In the most naive form of contact generation, you move the bodies, let them
intersect each other, and only afterwards do something to remove them by
finding the points of intersection after they've already interpenetrated. Even
with simple situations, this is the source of numerous glitches, and makes
physics sims unstable, since the two interpenetrating bodies will both see
that they're "inside" each other, create forces to get out the situation, and
then collide with other bodies, repeating the process, gaining energy, and
making the sim explode, or at least jitter endlessly. (Collisions between many
close-by bodies also present other contact quality problems - bodies might
"miss" each other and only contact some of the other shapes.)

The speculative contact system described is one approach towards resolving
these kinds of instability problems: Basically, it uses velocity information
to "look ahead" at where the body will move, and then it adjusts the velocity
vector to fit so that the two bodies touch exactly. This can be repeated for
all potential collisions, until the minimum movement for each body is found,
at which point contacts may be generated.

I happened to discover exactly this technique independently, trying to make a
simple game collision system as robust as possible even at high velocities.

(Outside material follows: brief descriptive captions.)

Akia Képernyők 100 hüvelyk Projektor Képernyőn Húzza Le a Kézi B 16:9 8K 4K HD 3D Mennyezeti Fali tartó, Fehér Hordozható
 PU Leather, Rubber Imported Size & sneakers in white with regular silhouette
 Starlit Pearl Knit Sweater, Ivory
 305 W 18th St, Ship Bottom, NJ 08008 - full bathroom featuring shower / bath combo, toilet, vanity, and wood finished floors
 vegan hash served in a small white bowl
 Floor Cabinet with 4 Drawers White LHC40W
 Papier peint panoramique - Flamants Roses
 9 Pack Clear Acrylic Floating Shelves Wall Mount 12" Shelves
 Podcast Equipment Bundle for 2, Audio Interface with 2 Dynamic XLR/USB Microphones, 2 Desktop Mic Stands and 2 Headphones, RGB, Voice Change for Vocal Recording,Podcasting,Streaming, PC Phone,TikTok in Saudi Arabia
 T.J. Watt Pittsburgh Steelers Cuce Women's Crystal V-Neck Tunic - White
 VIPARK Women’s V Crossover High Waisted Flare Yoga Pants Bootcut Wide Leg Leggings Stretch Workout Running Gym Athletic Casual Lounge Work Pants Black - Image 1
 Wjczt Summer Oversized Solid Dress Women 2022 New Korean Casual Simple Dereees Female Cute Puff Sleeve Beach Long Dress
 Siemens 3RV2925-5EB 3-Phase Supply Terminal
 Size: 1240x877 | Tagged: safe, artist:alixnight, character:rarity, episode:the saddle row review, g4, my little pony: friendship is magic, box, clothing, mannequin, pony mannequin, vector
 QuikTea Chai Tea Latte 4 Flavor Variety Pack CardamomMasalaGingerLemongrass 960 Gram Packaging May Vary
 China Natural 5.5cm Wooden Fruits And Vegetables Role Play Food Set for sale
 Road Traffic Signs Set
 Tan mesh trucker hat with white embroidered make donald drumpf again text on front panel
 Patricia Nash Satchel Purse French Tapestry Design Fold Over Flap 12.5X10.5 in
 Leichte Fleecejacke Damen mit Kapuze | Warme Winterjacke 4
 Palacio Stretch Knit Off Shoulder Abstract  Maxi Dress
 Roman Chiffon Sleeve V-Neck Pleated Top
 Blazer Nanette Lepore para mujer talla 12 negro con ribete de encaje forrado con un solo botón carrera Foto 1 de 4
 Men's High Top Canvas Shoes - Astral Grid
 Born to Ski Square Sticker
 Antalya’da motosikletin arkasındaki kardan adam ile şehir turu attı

Velocity appears to be a critical piece of information for robustness, as all
the heuristics I tried to separate bodies already interpenetrating led to
major glitches when the heuristic guessed wrong. I also tried a very similar
method of "rolling back time" by moving the body backwards along its existing
velocity with a step-by-step approximation, until the collision no longer
happened; this turned out to not be as good as modifying the _future_ velocity
vector to touch exactly, as it was cruder, left points of contact inexact, and
thrashed the original velocity values, leading to things stopping dead and
"sticking" as soon as they collided anything at all.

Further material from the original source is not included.